Des dizaines de manifestants irakiens ont de nouveau affronté les forces de sécurité à Bagdad lundi, un jour après un rassemblement marquant le premier anniversaire du début de manifestations antigouvernementales de masse dans tout le pays.

La police a tiré des grenades assourdissantes et des gaz lacrymogènes sur des manifestants qui brûlaient des pneus et lançaient des pierres sur le pont stratégique Al-Jumhuriyah sur le Tigre menant à la zone verte hautement fortifiée, a rapporté un photographe de l'AFP.

Le pont, barricadé par d'imposants murs de béton, sépare la zone verte de la place Tahrir, épicentre des anciennes et des nouvelles manifestations.

La zone verte hautement sécurisée, où se trouvent les bureaux du gouvernement, le parlement et l'ambassade des États-Unis, est interdite à la plupart des citoyens irakiens.

Les rassemblements ont renouvelé les appels à partir du début d'octobre de l'année dernière, qui a vu le début du plus grand mouvement de protestation anti-gouvernement en Irak depuis la chute de Saddam Hussein en 2003, avec des manifestations dans la capitale, Bagdad, et dans le sud de l'Irak, principalement chiite, exigeant des services de base, des opportunités d'emploi et la fin de la corruption.

Un manifestant irakien porte une pancarte sur laquelle on lit en arabe «Révolte» lors d'une manifestation sur le pont Sinak dans la capitale Bagdad dimanche [Ahmad Al-Rubaye / AFP]

"Notre sang, nos âmes, nous sacrifions pour vous l'Irak", ont scandé dimanche des centaines de manifestants alors qu'ils traversaient la place Tahrir de la capitale, épicentre du mouvement de protestation.

Révolution d'octobre

Pendant la nuit dans la ville sanctuaire de Karbala, qui était un centre de manifestations l'année dernière, les manifestants se sont affrontés avec la police anti-émeute qui a finalement tiré à balles réelles en l'air pour les disperser.

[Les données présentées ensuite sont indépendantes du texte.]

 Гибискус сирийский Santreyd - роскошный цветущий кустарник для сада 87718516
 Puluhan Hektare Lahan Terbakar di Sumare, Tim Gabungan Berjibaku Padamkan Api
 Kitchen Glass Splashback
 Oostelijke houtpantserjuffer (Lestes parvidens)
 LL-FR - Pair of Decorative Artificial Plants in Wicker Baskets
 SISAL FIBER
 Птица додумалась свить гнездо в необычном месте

À Diwaniyah, de jeunes manifestants ont incendié des pneus de voiture à Nasiriyah, également dans le sud, alors que la nuit tombait dimanche, les manifestants sur la place principale ont chanté l'hymne national au milieu des feux d'artifice de célébration.

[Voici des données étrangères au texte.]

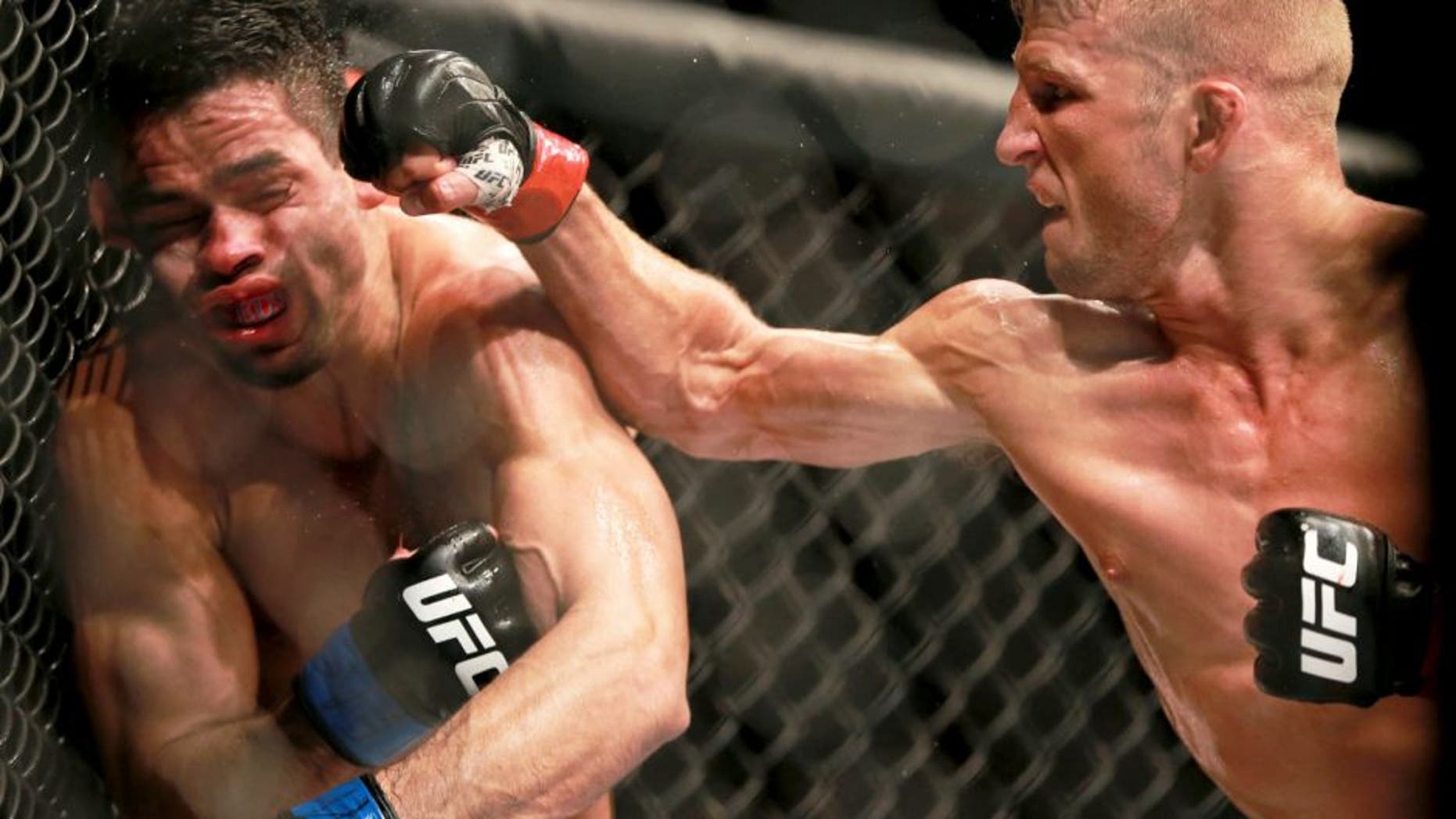 CHICAGO, IL - JULY 25: TJ Dillashaw punches Renan Barao in their UFC bantamweight championship bout during the UFC event at the United Center on July 25, 2015 in Chicago, Illinois. (Photo by Rey Del Rio/Zuffa LLC/Zuffa LLC via Getty Images)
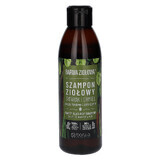 Barwa Ziołowa Tartak i Hop, shampooing aux plantes pour cheveux cassants et abîmés, 250 ml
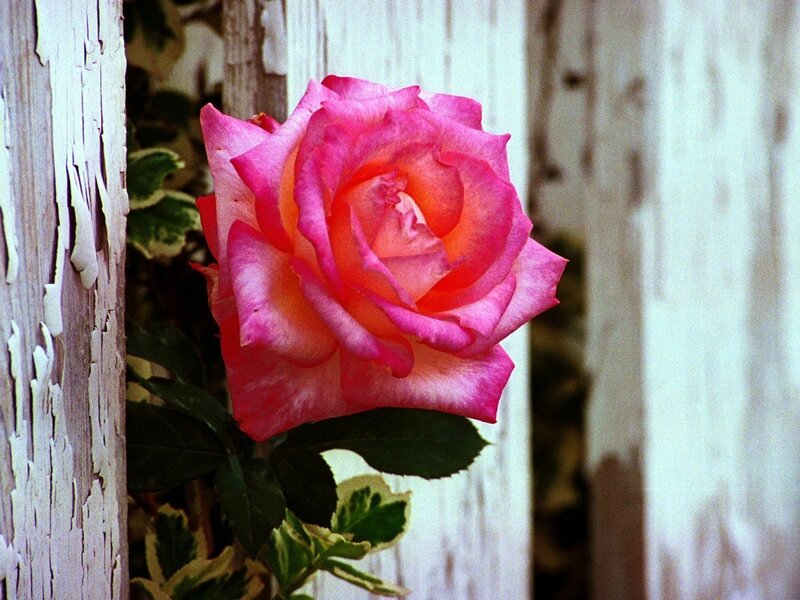 Pink rose by a weathered fence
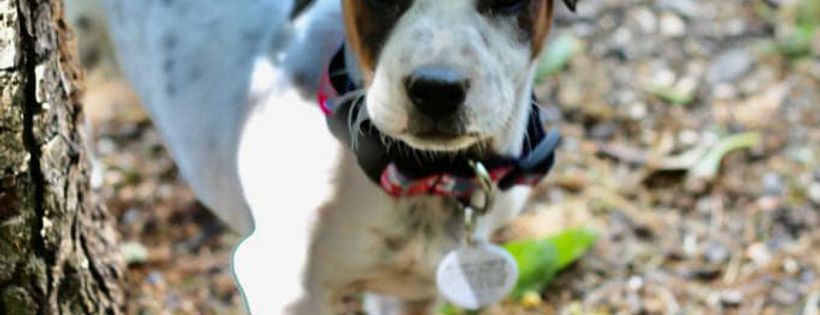 Gunter's Legacy Animal Rescue, Inc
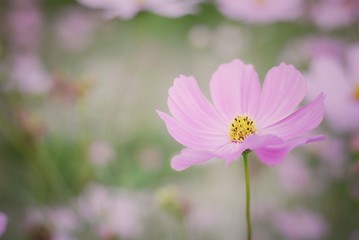 pink cosmos flower blooming in the field
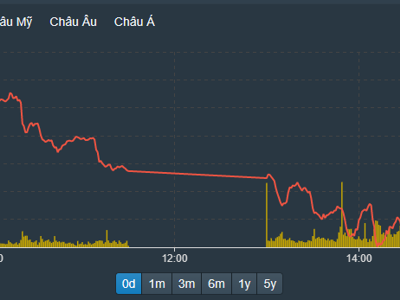 Nội ngoại cùng bán tháo, VN-Index bốc hơi 2,11%, ngưỡng 1.000 điểm gần kề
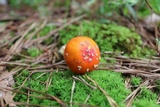 Amanita parcivolvata image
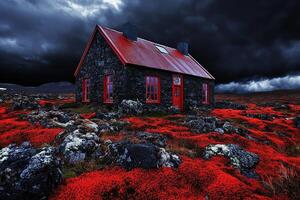 A house in a field with red flowers photo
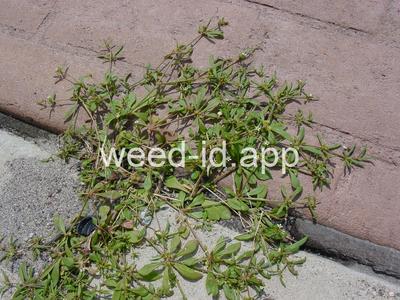 carpetweed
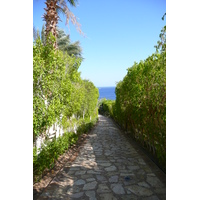 照片 埃及(Egypt) 沙姆沙伊赫(Sharm el Sheikh) 四季酒店(Four Seasons Hotel) 2008-06 118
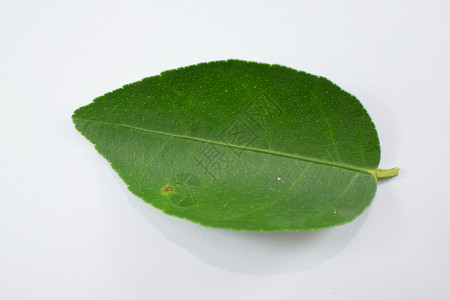 白色背景上孤立的绿叶柠檬黄色水果绿色植物食物收成叶子背景图片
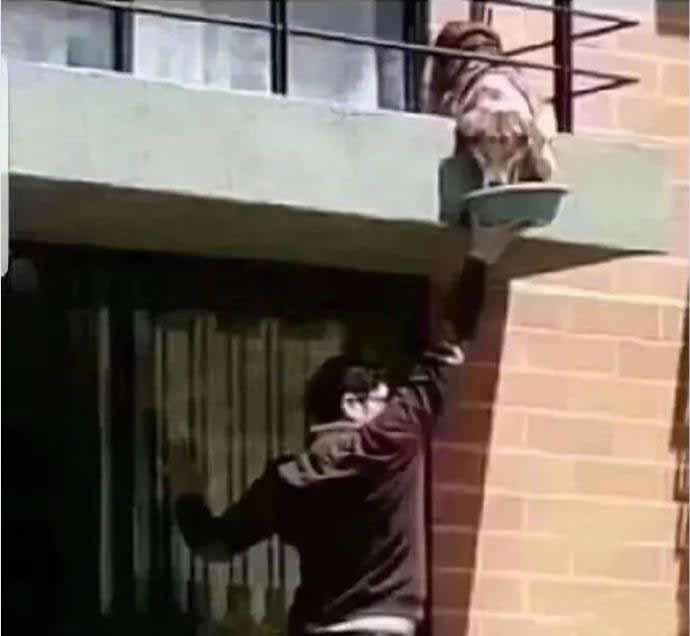 家里的狗狗饿得不停的哼叫着。这段时间以来，全凭楼下这位热心邻居，每天冒着高空危险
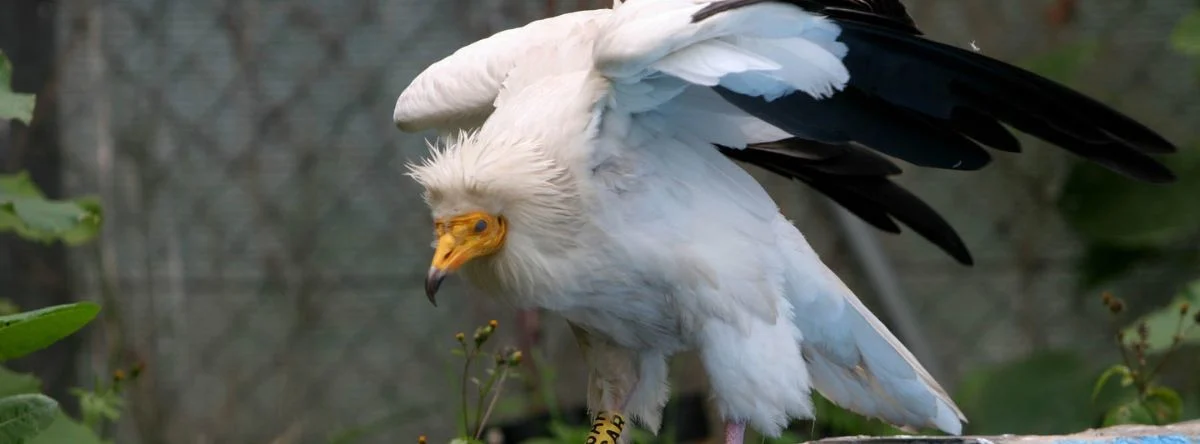 Vogel von Fuerteventura – Schmutzgeier (Neophron percnopterus majorensis)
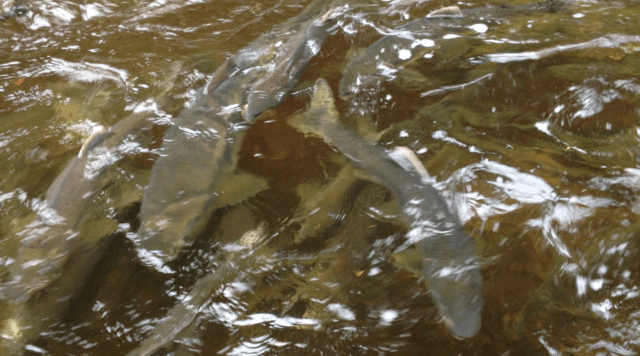 Spawning Salmon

Des milliers d'Irakiens sont descendus dans les rues du pays dimanche pour marquer le premier anniversaire de la révolte de 2019 surnommée la «révolution d'octobre», qui exigeait le renversement de toute la classe dirigeante, accusée d'ineptie et de corruption.

Environ 600 manifestants ont été tués et 30000 blessés dans les violences liées aux manifestations dans tout le pays avant que les manifestations ne se calment puis se terminent avec la pandémie de coronavirus.

Le meurtre de 40 manifestants en une seule journée a contraint le Premier ministre irakien Abdul Mahdi à démissionner en novembre dernier.

Le Premier ministre Mustafa al-Kadhimi, qui est au pouvoir depuis six mois, a exhorté les forces de sécurité à faire preuve de retenue face aux manifestants.